Tuesday, November 27, 2007

France's "Punk Jihad" Riots Worst Than 2005

The riots among the Muslim youth in the “suburbs” of Paris promise to be worse than 2005. The rioters are more violent and the response from France’s Interior Minister has been anything but decisive. This from the NYT today:

The number of police officers injured during clashes by French youths in a suburb north of Paris rose to 86 after a second bout of violence overnight in which 60 officers were hurt, including six who are in serious condition, police officials said.

Of the six in serious condition, four were hurt as a result of gunfire, said Francis Debuire, a representative of the General Union of Police Officers in the district where the fighting took place. One of the four lost an eye and another officer’s shoulder was shattered by a bullet after some of the youths used shotguns as well as firebombs and rocks.

Police union officials expressed concern that the violence was more severe than the fighting that had occurred in the Paris suburbs over three weeks of rioting in 2005. “The violence over the last days has been worse than two years ago in terms of its intensity,” Mr. Debuire said.

. . . Among the marchers, a young man who identified himself as Cem, 18, but who refused to give his full name, said: “This is war. There is no mercy. We want at least two policemen dead.”

Police officials said the government had ordered as many as 130 extra officers in addition to the 450 officers who confronted the youths on Monday night, and officers were being brought in from across France as reinforcements.
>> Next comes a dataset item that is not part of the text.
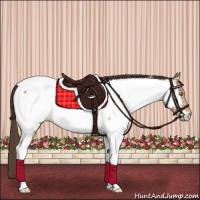 Horse Color:Amber Champagne Tobiano Appaloosa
As in the 2005 riots, the youths on Sunday and Monday nights were attacking the police mostly with firebombs, rocks and other projectiles, but this time they also had guns. Mr. Debuire said youths used shotguns. . . .

Read the here. This from PJM’s Nidra Poller, gives a bit more background:

Monday 11 pm

Violence is spreading from Villiers le Bel to a dozen neighboring communities. At least twenty policemen have been injured so far tonight (forty injured last night according to the latest figures), some of them critically. The insurgents are using firebombs, iron rods, baseball bats, and firing buckshot. Journalists are attacked, their cameras are stolen. The mayor of Villiers le Bel is running a crisis center from an undisclosed location. Interior Minister Michèle Alliot-Marie is strangely absent, silent, or ineffectual. This is not the way it is supposed to be happening in the Sarkozy government. Don’t be surprised if Alliot-Marie is replaced early next year.

. . . Police investigators and several eyewitnesses corroborate the patrolmen’s version of the accident. The police car was going at a normal speed, no sirens, no hot pursuit. The mini-motorcycle came down a side street at high speed and made a left turn, crashing directly into the police car. The police remained on the scene for approximately twenty to thirty minutes until the fire department ambulance arrived.

President Sarkozy, on a state visit to China, issued a plea for calm. It must have seemed quite logical from where he’s standing… but it’s totally inaudible here on the receiving end.

Monday morning

The tally on Sunday’s punk jihad outburst is heavy and rising.

. . . According to concurrent reports, the rage broke out immediately. The police claim the motorcycle ran into their patrol car at an intersection; the enraged know better—the police car in hot pursuit of the innocent boys, Moushin and Larami, smashed into their motorcycle. Moushin’s uncle was outraged because the bodies were left lying in the fire station. But it seems that the forces that came to pick them up had to turn back because they were attacked. The boys had gone out to do a little bit of rodeo, a favorite sport in the banlieue projects. Le Parisien posted You Tube videos filmed by reckless kids.

Reckless, yes, but when they get wrecked it’s the fault of the police, the Peugeot dealership, and McDonald’s.

The euphemism for these enclaves — “quartier sensible”—bears a nugget of truth if correctly translated as “touchy neighborhoods.” Villiers le Bel is in the administrative district of Sarcelles / Garges-les-Gonesses about 20 km north of Paris. Not so long ago Sarcelles was the home sweet home of Jewish refugees from North Africa; today it is their nightmare. They endure constant attacks and harassment from the permanently enraged African-Arab-Muslim residents who live cheek by jowl with their still neat clean streets.

Socialist leader François Hollande is demanding the truth, the whole truth and of course the right truth on this incident—it has to be the fault of the police, the fault of the brutal Sarkozy government, the fault of deaf ears turned to the suffering of youths in this, the touchiest of touchy neighborhoods. . . .

Read the entire post at PJM. France has an incredble problem with its immigrant Muslim community that it needs to solve. Sarkozy has discussed cutting off "foreign" - i.e., Wahhabi / Salafi - involvement in existing Muslim community prior to his election. To say that sounds like too little is a bit of an understatement.